Las nuestras, no eran cigüeñas como las del cuento de Hans Christian Andersen, no cogían bebés de estanques y lagos ni se los llevaban a las familias con niños que se portasen bien, ni venían de París cargadas de críos. Hablamos de cuando los calendarios agrícolas se cumplían, hacía frío en invierno y calor en verano y las cigüeñas llegaban de África. Eran  un eslabón del ecosistema que no inspiraba fábulas, pero inspiraba refranes, siempre unidos a febrerico el corto, a la nieve, augurando abundancias o escaseces para las cosechas del humano. Pero ahora, el cambio climático lo ha trastocado todo y ellas, despistadas ante la ausencia de frío, se van quedando cada vez más tiempo con nosotros, porque el invierno se disfrazó de otoño. Y un día por otro, se les olvida marchar. Siempre nos quedará San Blas como referencia para que el día sepa que debe crecer y arrear a la luz, hasta coger ventaja al gris del invierno.  Y el hombre de tierra, fiel al almanaque, recibe agradecido la lluvia y el frío y soporta este mes loco de abrigo y sombrero, sabiendo que ‘En febrero un día al sol y otro al brasero’.  
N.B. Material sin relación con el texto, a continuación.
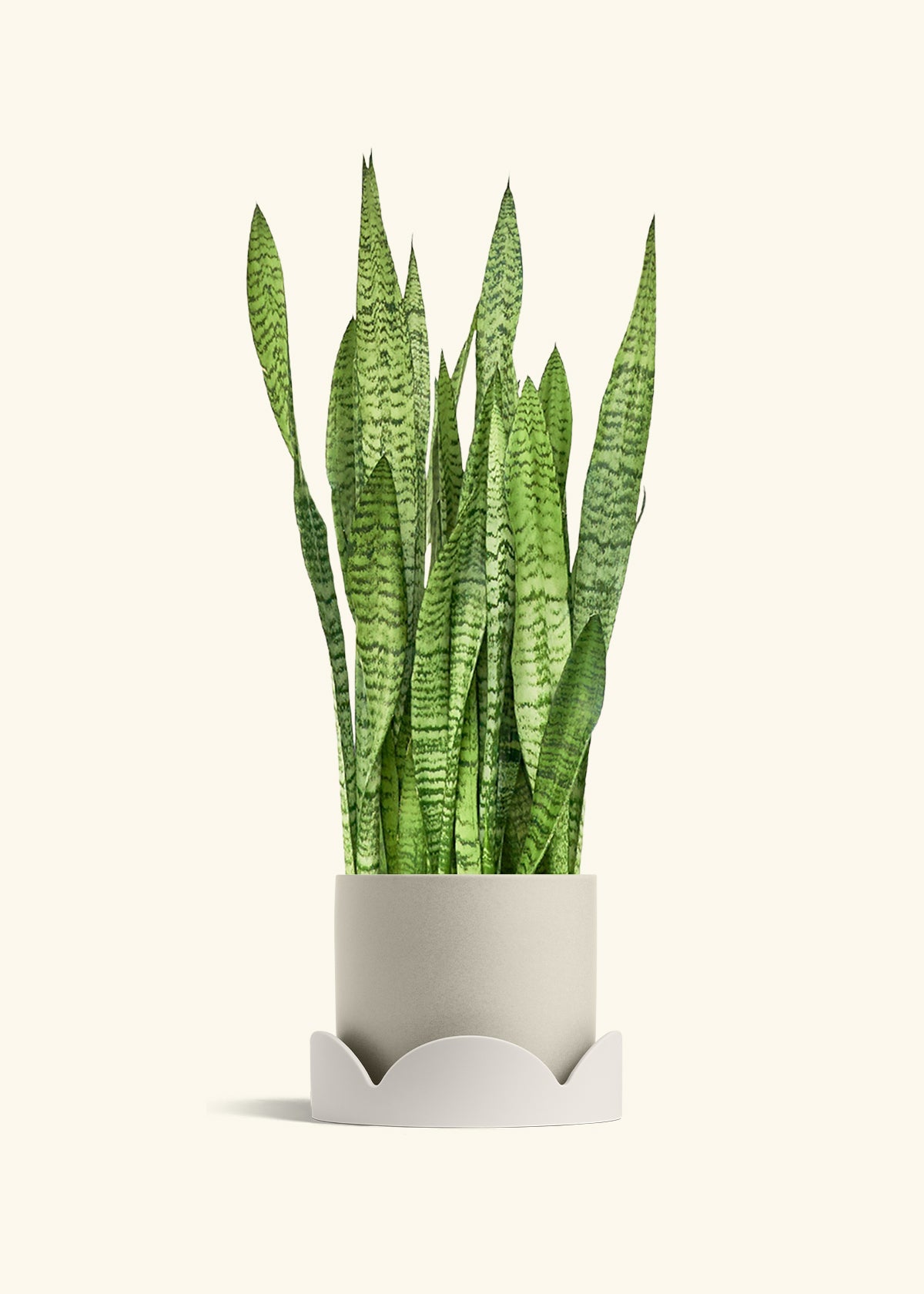 Snake Plant Zeylanica in a 10 inches Oat Classic Cylinder Planter in a Oat Petal Drip Tray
Acabamos de ver la misma noticia en dos puntos distintos de León. Quizá de ser otra fecha, no habría repercutido tanto, pero, que en vísperas de San Blas, cuando la cigüeña es protagonista, decidan desmontar sus nidos, llamó más la atención de los observadores de obras públicas. Proteger la torre de la iglesia ha sido el motivo de retirar un nido de cigüeña de una tonelada, en la iglesia de Villacedré, causando tanta curiosidad como sorpresa entre los vecinos, por las fechas elegidas para dejar sin hogar a las cigüeñas. No parece buen momento para desahucios. Pudo hacerse antes. Al final, se les dejó una pequeña parte del nido, como un alquiler de habitación temporal, para que no quedaran en total desamparo y sin lugar dónde pernoctar, aunque el desahucio es cosa hecha. Ahora, el pueblo sigue mirando arriba. Unos, controlando la reparación del tejado y otros, pendientes del nuevo alojamiento de las cigüeñas desahuciadas. El otro caso ha sido en la iglesia de San Pedro, en Puente Castro, donde se desmontaron tres nidos alojados en la espadaña, que ponían en peligro la estructura de la torre, mientras las cigüeñas les sobrevolaban, viendo cómo desmantelaban su casa. Pero, apenas acabada la obra, regresaron cargadas de palos y tierra, de hierba y de barro y les bastaron unos días para  reconstruir sus nidos en el mismo lugar donde estaban.  

Las cigüeñas de mi infancia nunca tuvieron torre ni espadaña  para anidar. Allí donde todo era austero, les bastó la tierra, el arroyo y un chopo para hacer hogar. Hasta que un día regresaron y eran los humanos los que habían emigrado, sin dejar una nota de despedida en el portón de cada casa, ni autorización para habitar el campanario en caso de que al chopo lo encorvara alguna nevada. No pensamos en ellas al irnos. No estuvimos pendientes de qué invierno venció a aquel tronco, ni qué hicieron al llegar y no encontrar  niños celebrando su llegada. Tanto evitar la nieve y ahora tropiezan con el frío de la España vaciada, de los paisajes sin azadas, sin ladridos de perro y puertas cerradas, decidiendo en el acto dónde no volver, vaciando más lo ya vacío. Ojalá queden todas las ermitas en pie para que las cigüeñas, como las de Puente Castro, aniden sin más, que siempre hicieron buen maridaje las espadañas de las iglesias, las viejas campanas y los nidos de cigüeña. Un paisaje de piedra, musgo, bronce y plumas sobre los salmos de humanos, que debería ser intocable, por mucho que pese.